Light sensing by tissues distinct from the eye occurs in diverse animal groups, enabling circadian control and phototactic behaviour. Extraocular photoreceptors may also facilitate rapid colour change in cephalopods and lizards, but little is known about the sensory system that mediates slow colour change in arthropods. We previously reported that slow colour change in twig-mimicking caterpillars of the peppered moth (Biston betularia) is a response to achromatic and chromatic visual cues. Here we show that the perception of these cues, and the resulting phenotypic responses, does not require ocular vision. Caterpillars with completely obscured ocelli remained capable of enhancing their crypsis by changing colour and choosing to rest on colour-matching twigs. A suite of visual genes, expressed across the larval integument, likely plays a key role in the mechanism. To our knowledge, this is the first evidence that extraocular colour sensing can mediate pigment-based colour change and behaviour in an arthropod.

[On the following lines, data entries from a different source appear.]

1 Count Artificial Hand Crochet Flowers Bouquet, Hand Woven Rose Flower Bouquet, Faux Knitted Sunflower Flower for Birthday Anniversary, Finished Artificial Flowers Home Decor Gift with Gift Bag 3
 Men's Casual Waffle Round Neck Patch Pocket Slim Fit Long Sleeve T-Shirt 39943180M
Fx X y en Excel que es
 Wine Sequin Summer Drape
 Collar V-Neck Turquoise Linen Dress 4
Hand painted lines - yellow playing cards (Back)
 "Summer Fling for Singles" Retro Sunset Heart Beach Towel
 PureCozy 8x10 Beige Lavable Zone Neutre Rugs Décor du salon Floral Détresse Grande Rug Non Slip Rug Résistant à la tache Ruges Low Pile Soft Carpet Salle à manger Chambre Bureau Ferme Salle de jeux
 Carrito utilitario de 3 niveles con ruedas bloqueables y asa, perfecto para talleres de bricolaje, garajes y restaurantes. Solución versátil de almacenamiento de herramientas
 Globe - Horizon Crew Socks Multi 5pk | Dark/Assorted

The industrial melanism mutation in British peppered moths is a transposable element.

Discovering the mutational events that fuel adaptation to environmental change remains an important challenge for evolutionary biology. The classroom example of a visible evolutionary response is industrial melanism in the peppered moth (Biston betularia): the replacement, during the Industrial Revolution, of the common pale typica form by a previously unknown black (carbonaria) form, driven by the interaction between bird predation and coal pollution. The carbonaria locus has been coarsely localized to a 200-kilobase region, but the specific identity and nature of the sequence difference controlling the carbonaria-typica polymorphism, and the gene it influences, are unknown. Here we show that the mutation event giving rise to industrial melanism in Britain was the insertion of a large, tandemly repeated, transposable element into the first intron of the gene cortex. Statistical inference based on the distribution of recombined carbonaria haplotypes indicates that this transposition event occurred around 1819, consistent with the historical record. We have begun to dissect the mode of action of the carbonaria transposable element by showing that it increases the abundance of a cortex transcript, the protein product of which plays an important role in cell-cycle regulation, during early wing disc development. Our findings fill a substantial knowledge gap in the iconic example of microevolutionary change, adding a further layer of insight into the mechanism of adaptation in response to natural selection. The discovery that the mutation itself is a transposable element will stimulate further debate about the importance of 'jumping genes' as a source of major phenotypic novelty.